» **SOURCE INFORMATION**
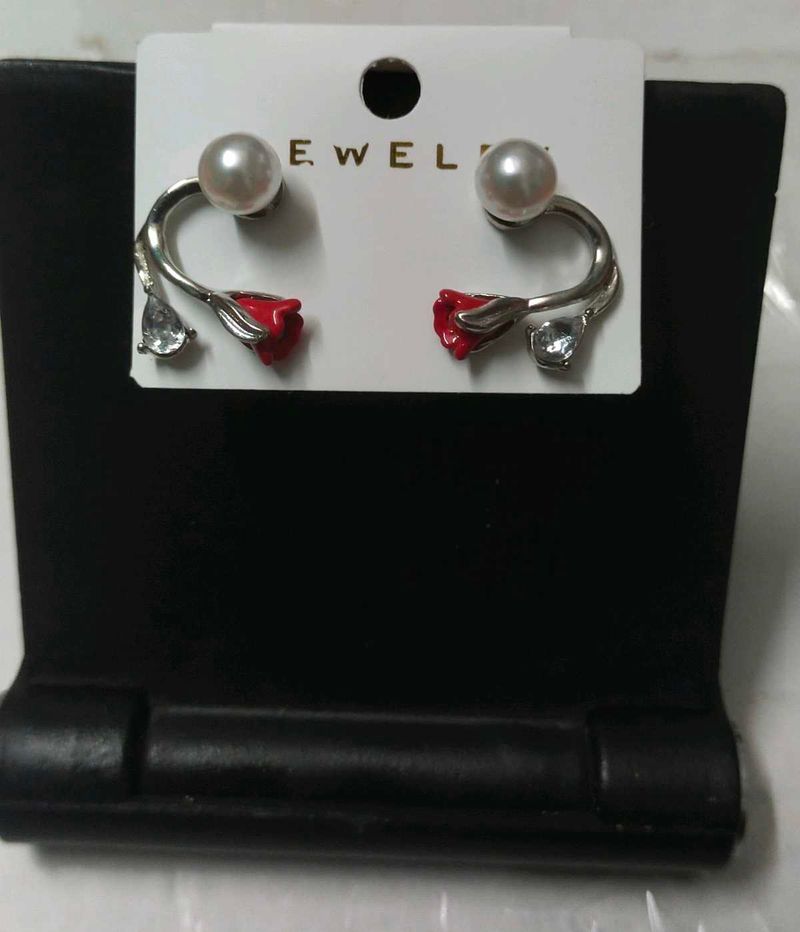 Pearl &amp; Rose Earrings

==

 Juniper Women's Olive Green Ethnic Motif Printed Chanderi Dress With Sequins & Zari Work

---

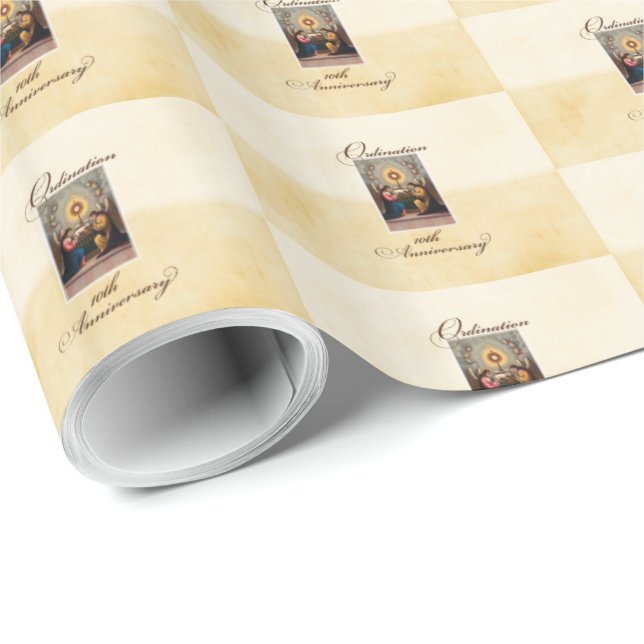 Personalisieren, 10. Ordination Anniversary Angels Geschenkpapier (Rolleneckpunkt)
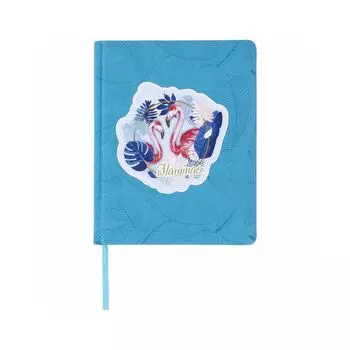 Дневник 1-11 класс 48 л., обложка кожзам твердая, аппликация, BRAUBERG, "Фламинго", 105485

» **YOUR INSTRUCTIONS**
Out of the records above, return only the lines from the one with "Personalisieren, 10. Ordination" through the one with "Дневник 1-11 класс", exactly, and none of the pictures.

» **EXERCISE RESPONSE**
 Personalisieren, 10. Ordination Anniversary Angels Geschenkpapier (Rolleneckpunkt)
 Дневник 1-11 класс 48 л., обложка кожзам твердая, аппликация, BRAUBERG, "Фламинго", 105485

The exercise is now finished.